_Instructions to follow_
In the entries that follow, find the line containing "Elegant Wildblommor Boho" and the line containing "Bellatio Voor de", then retype exactly the lines from the first through the second, pictures excluded.

_The records_

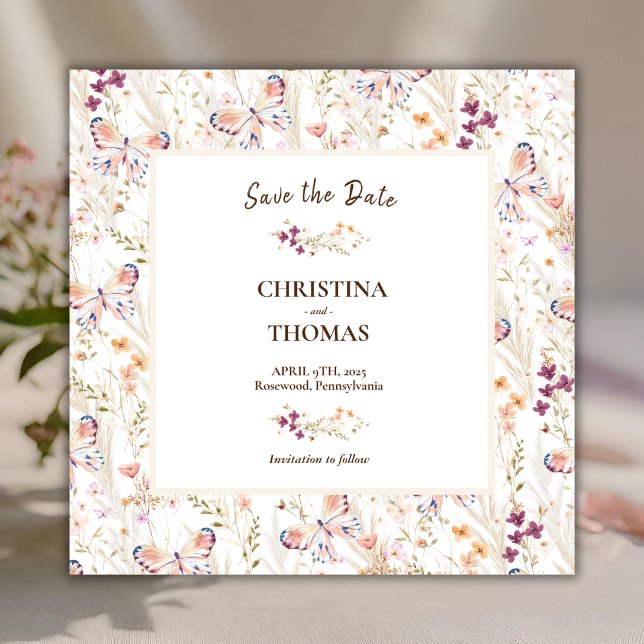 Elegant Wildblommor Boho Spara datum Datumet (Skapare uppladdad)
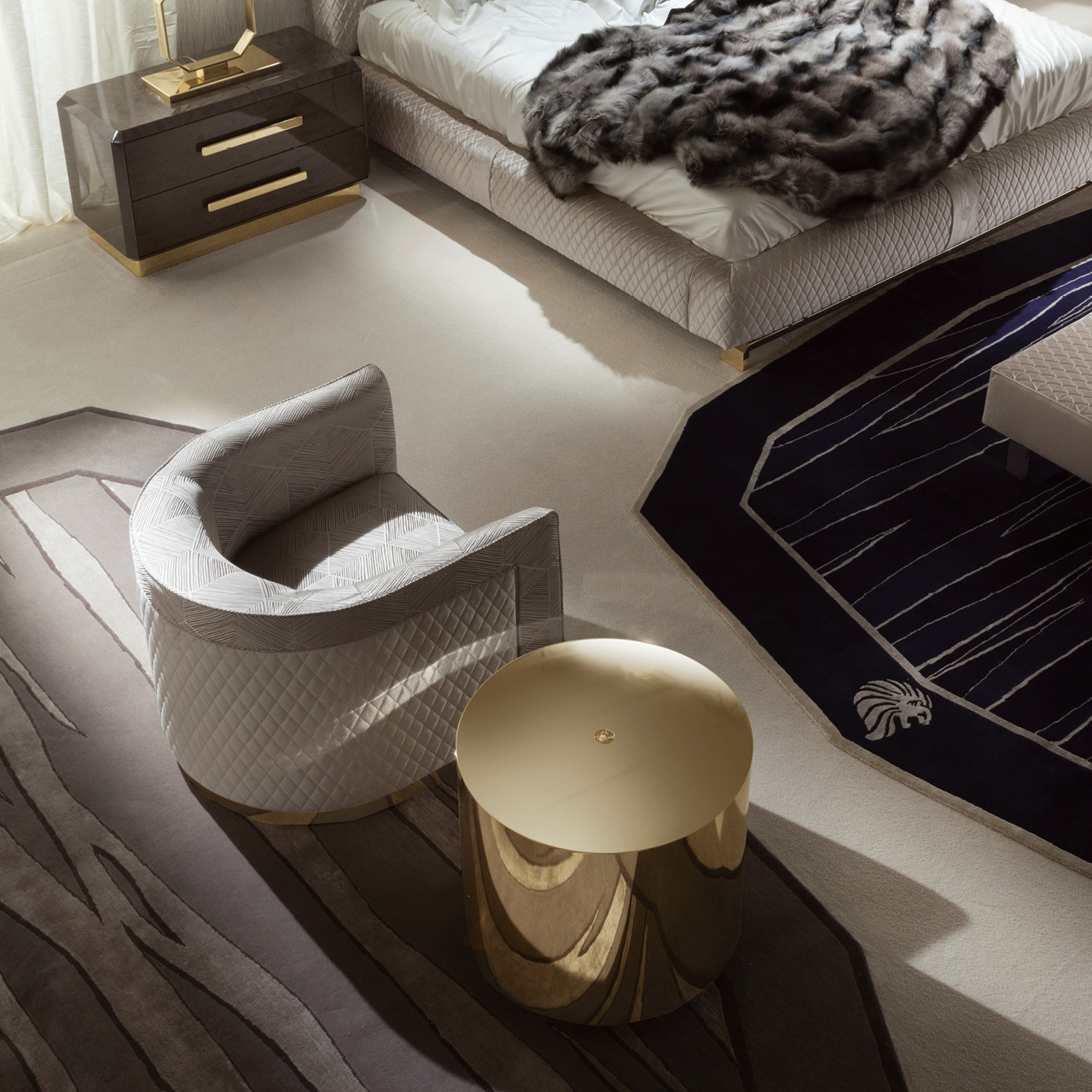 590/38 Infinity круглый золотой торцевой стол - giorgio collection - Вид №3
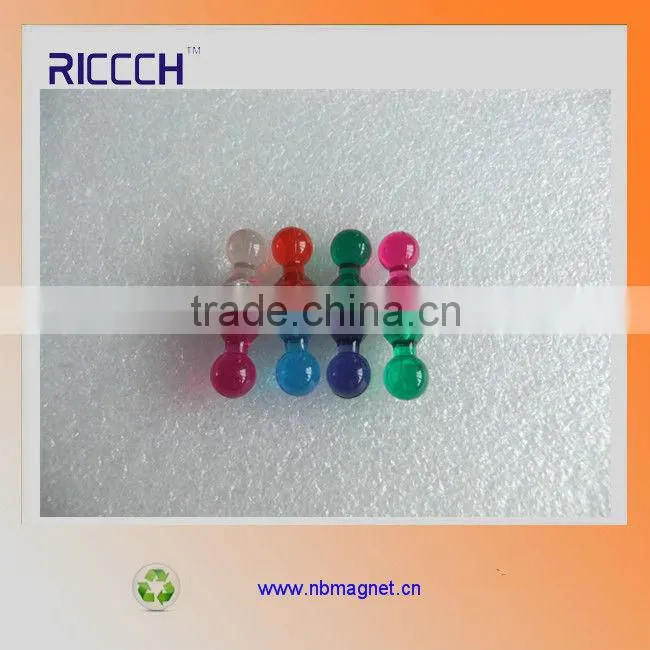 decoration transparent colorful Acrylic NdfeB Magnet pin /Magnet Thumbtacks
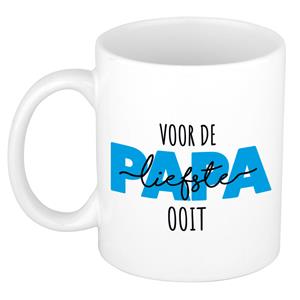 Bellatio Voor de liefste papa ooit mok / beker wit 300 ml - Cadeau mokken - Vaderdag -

* * *

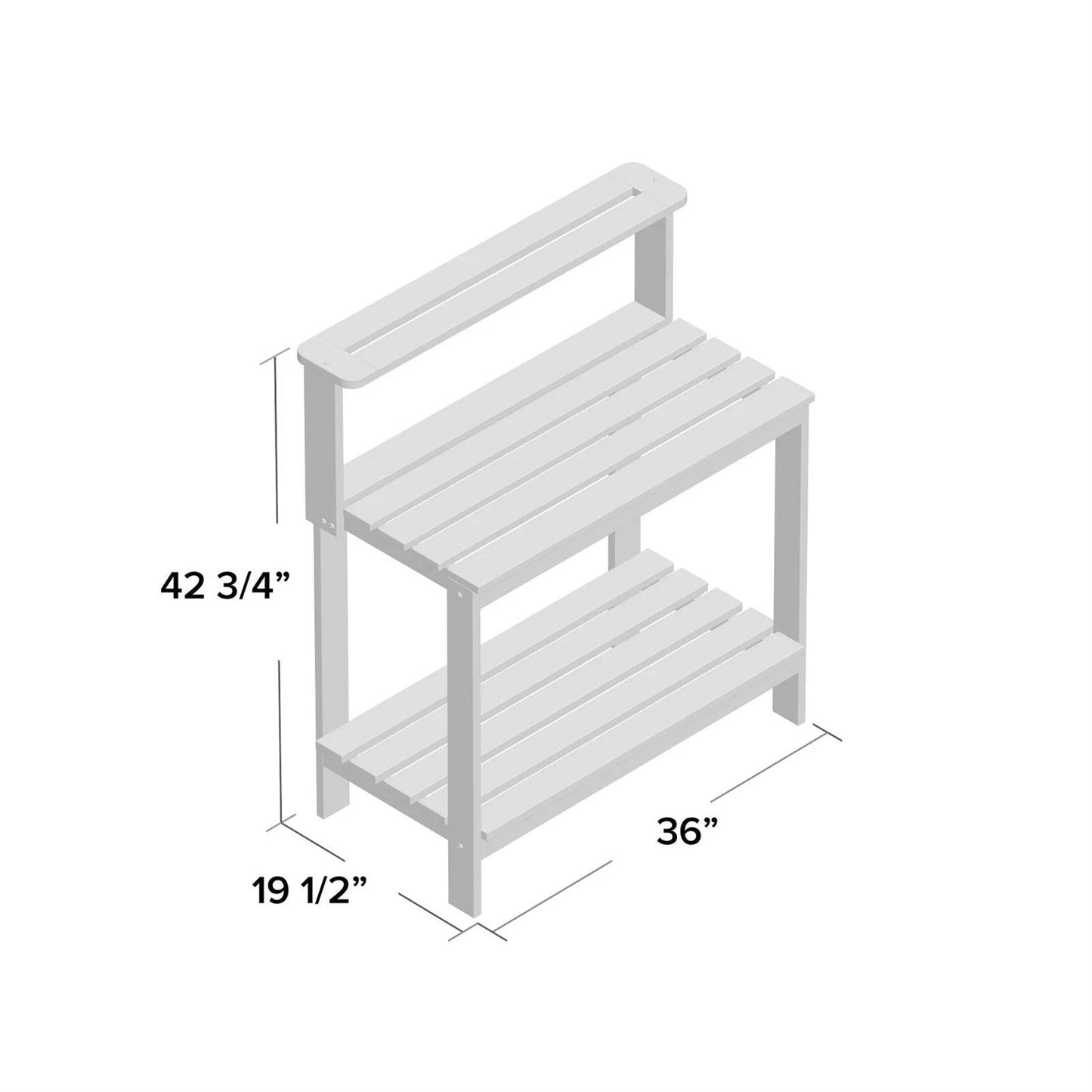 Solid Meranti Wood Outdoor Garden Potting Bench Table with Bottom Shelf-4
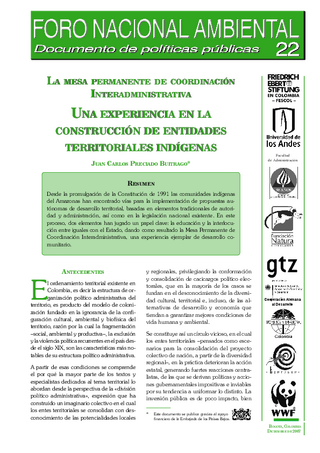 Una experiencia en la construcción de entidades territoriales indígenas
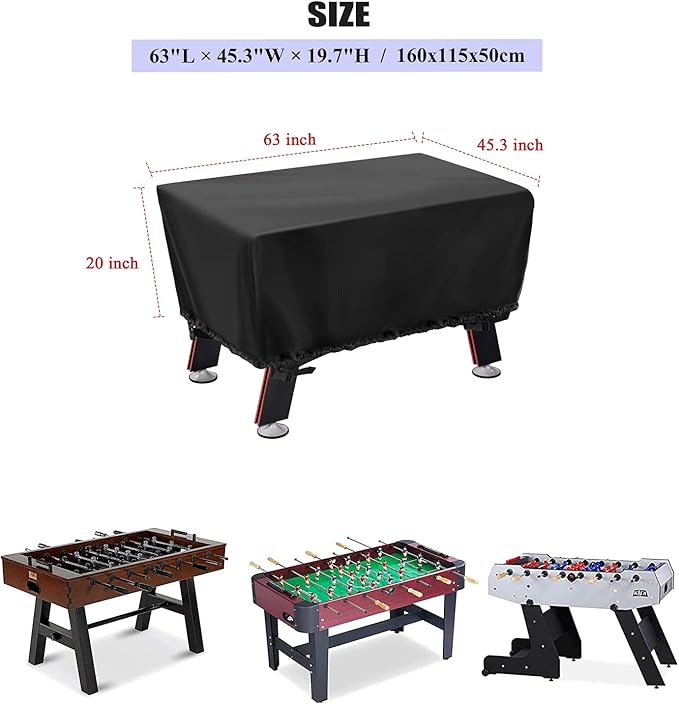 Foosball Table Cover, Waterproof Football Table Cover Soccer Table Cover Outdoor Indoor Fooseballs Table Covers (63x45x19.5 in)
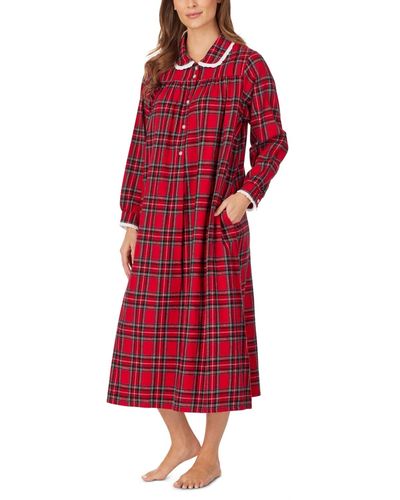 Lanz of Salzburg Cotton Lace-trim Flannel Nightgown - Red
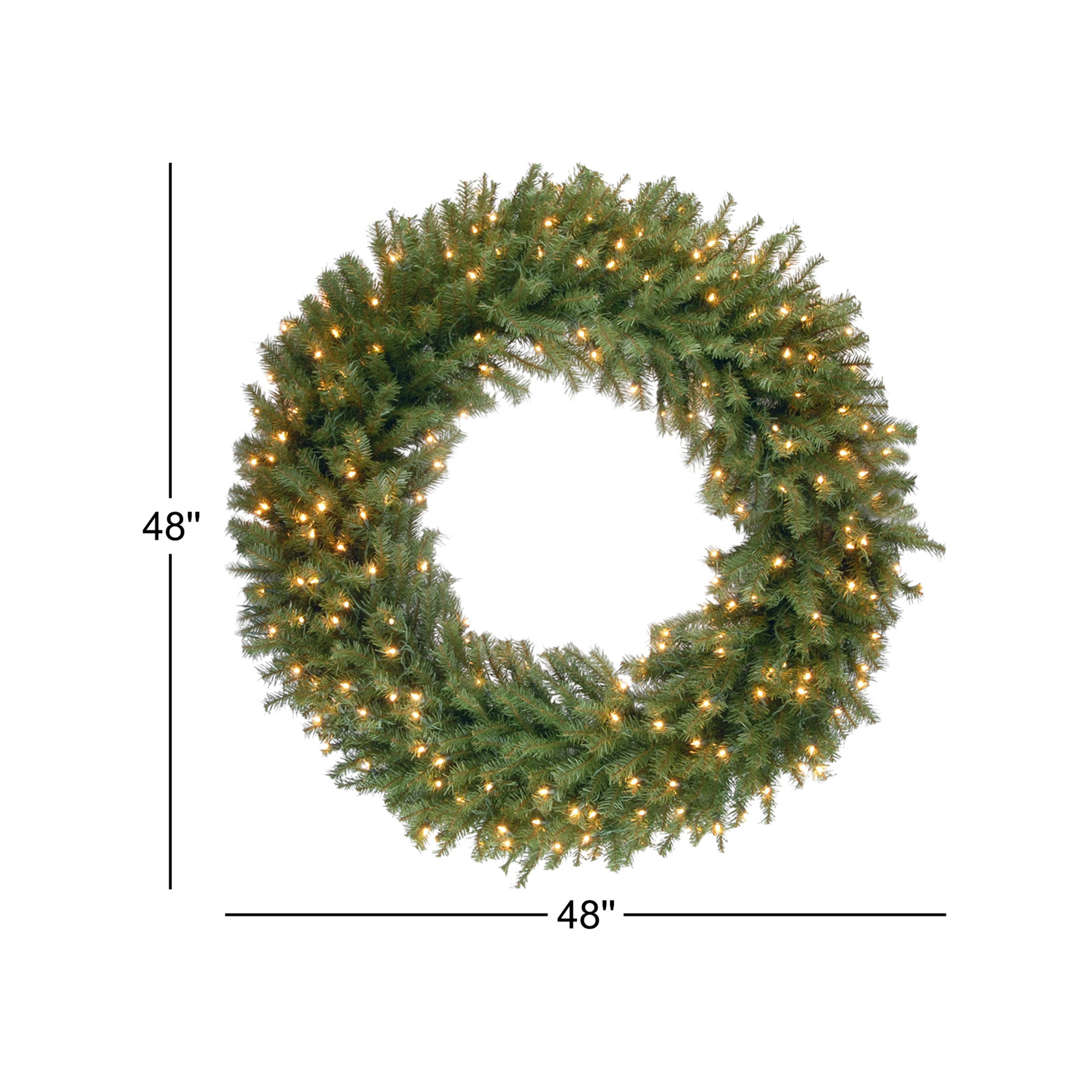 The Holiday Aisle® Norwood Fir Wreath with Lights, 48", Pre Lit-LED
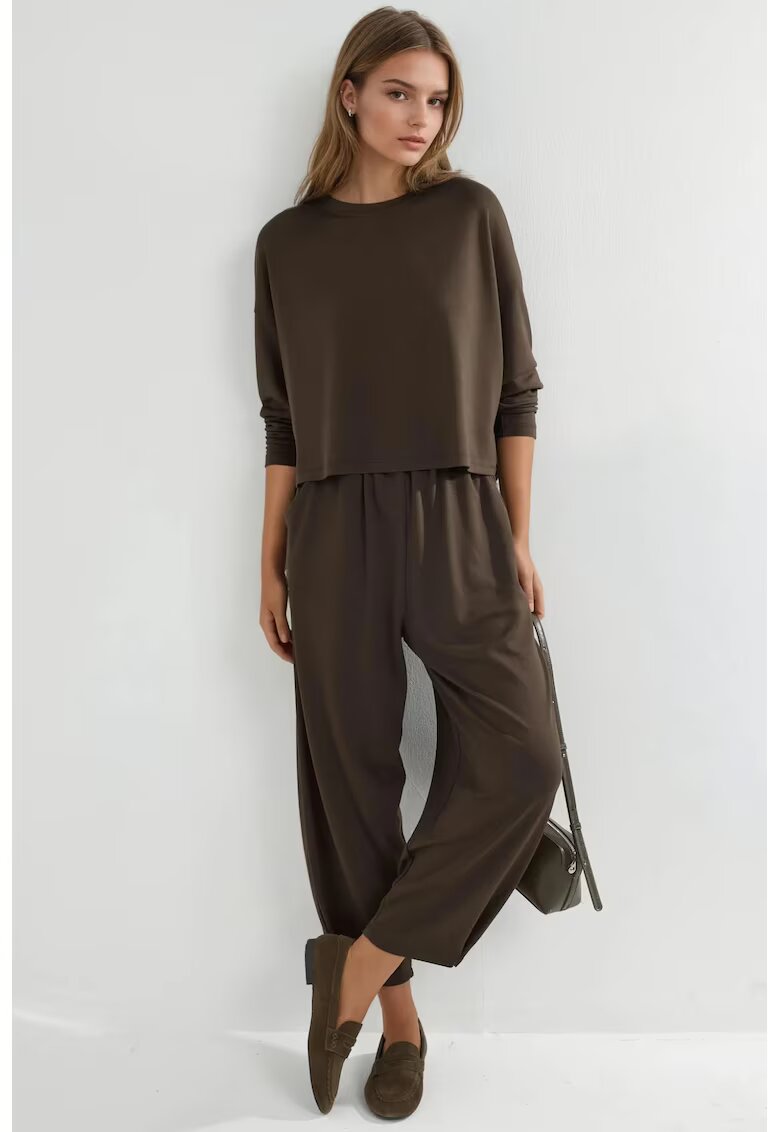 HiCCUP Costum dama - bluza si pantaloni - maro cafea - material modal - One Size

* * *

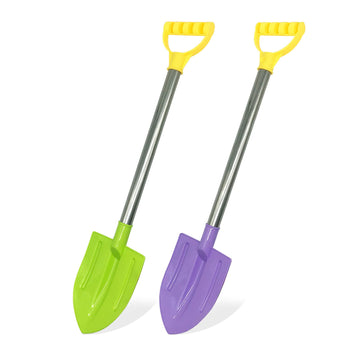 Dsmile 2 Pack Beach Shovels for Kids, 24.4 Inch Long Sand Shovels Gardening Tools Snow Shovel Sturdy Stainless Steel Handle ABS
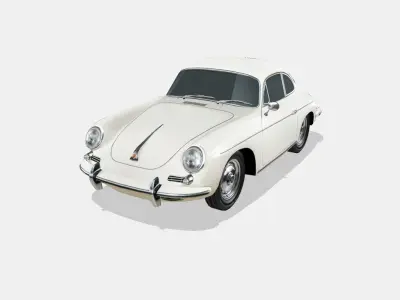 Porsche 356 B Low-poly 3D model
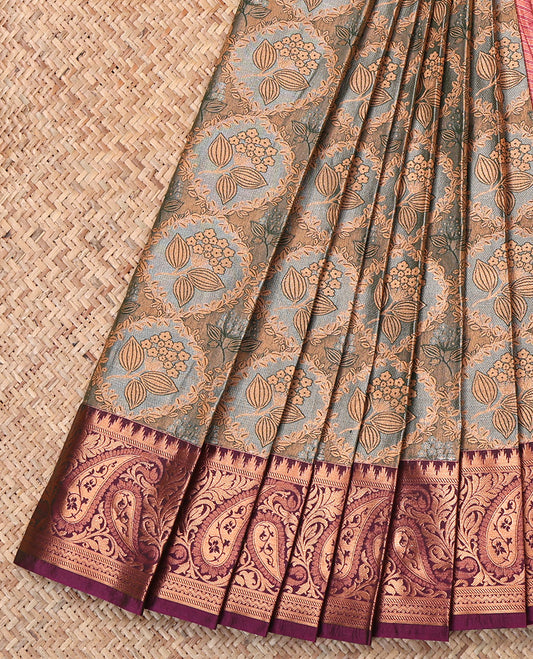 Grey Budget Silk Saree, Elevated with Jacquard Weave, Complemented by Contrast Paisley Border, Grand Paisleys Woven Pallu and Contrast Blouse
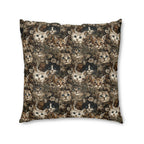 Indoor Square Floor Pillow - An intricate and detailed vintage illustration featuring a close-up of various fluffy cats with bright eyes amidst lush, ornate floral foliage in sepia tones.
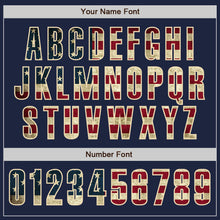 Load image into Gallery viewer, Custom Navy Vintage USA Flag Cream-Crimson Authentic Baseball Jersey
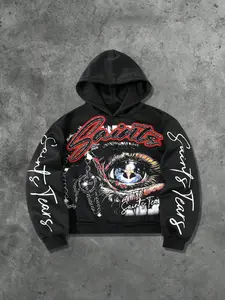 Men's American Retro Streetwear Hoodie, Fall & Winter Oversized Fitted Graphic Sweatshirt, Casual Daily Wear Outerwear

_Written response_
 Elegant Wildblommor Boho Spara datum Datumet (Skapare uppladdad)
 590/38 Infinity круглый золотой торцевой стол - giorgio collection - Вид №3
 decoration transparent colorful Acrylic NdfeB Magnet pin /Magnet Thumbtacks
 Bellatio Voor de liefste papa ooit mok / beker wit 300 ml - Cadeau mokken - Vaderdag -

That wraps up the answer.